11月5日放送のフォローアップ(1)
林 知之

相場はつらいよ

相場はつらいよ……日経平均が新高値をつけた直後に、予期せぬ急落。

そんな状況下、中源線による個別銘柄の判断はどうだったか、直近の激しい動きから考えてポジション操作の基本はどうあるべきか──。

2018年11月5日のマーケット・スクランブルでは、直近の乱高下から「適正なポジション操作」を模索しました。中源線の強みが、クッキリと浮かび上がります。

映像は、「過去の放送」でご覧ください。
(第144回 株価急落に対処するトレードルール ~中源線による機敏な判断と行動~

【定番】定点観測

「今買う銘柄ありますか?」
業者にこんな質問をしたり、常にこんな観点で“銘柄さがし”をする投資家が多いようですが、入り方がよくありません。

プロも人それぞれ、やり方も対象銘柄も大きく異なりますが、共通しているのは、必ず「定点観測を行っている」ことです。
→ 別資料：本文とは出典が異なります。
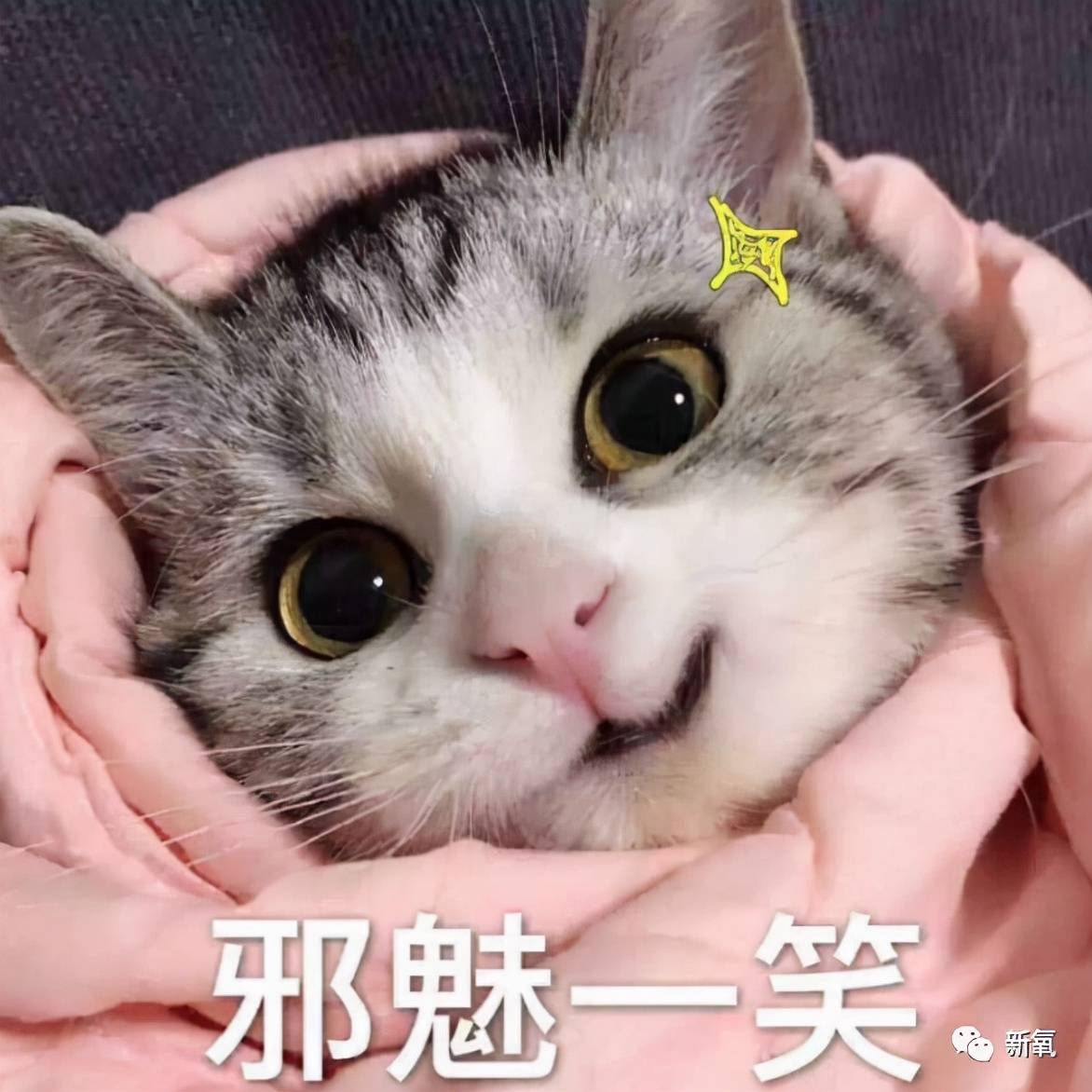 性敏感感受到春天来的幸福了吗？还是换季过敏在家不敢出门？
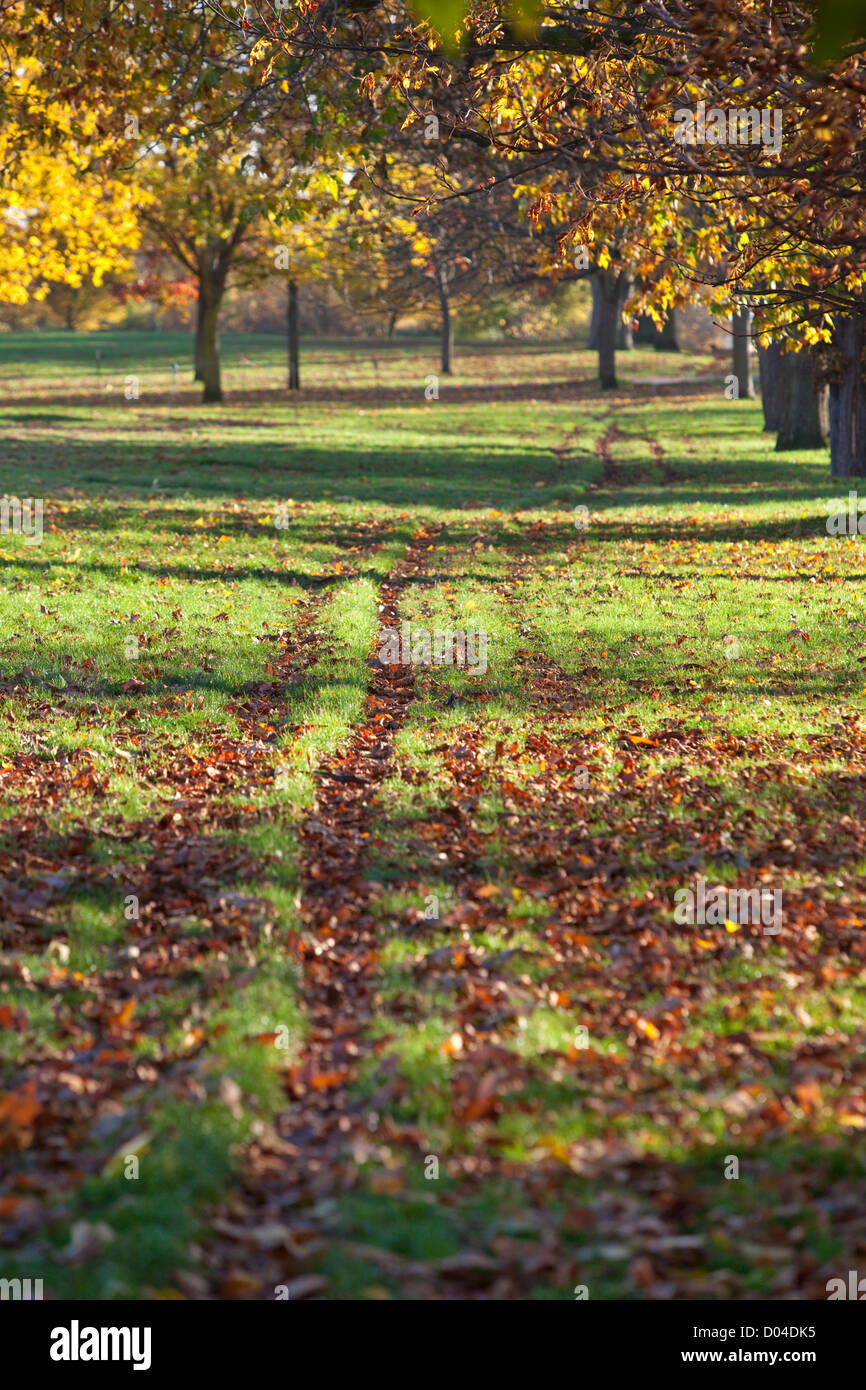 Feld bedeckt mit Gras und gefallenen Blätter im Herbst, und lange Reifenspuren, Regent's Park, London, England, Großbritannien Stockfoto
銘柄を頻繁に入れかえるトレードスタイルであっても、突然の思いつきで新規銘柄を加えたりしません。継続的にウォッチしている銘柄で、「ここだ!」という具合にタイミングを計るのです。

番組では、銘柄数は少ないのですが、この定点観測を継続しています。
では、11月5日の放送で行った定点観測を、あらためて紹介します。10月の下げの中、中源線がどのような反応を示しかを見てみましょう。

※チャートは、11月2日終値までのものです。
※赤が買い線、黒が売り線、それぞれ3分割でポジションを増減させます。

4331テイクアンドギヴ・ニーズは、いい感じで取れています。10月の急落にも、問題ないタイミングで反応していることがわかります。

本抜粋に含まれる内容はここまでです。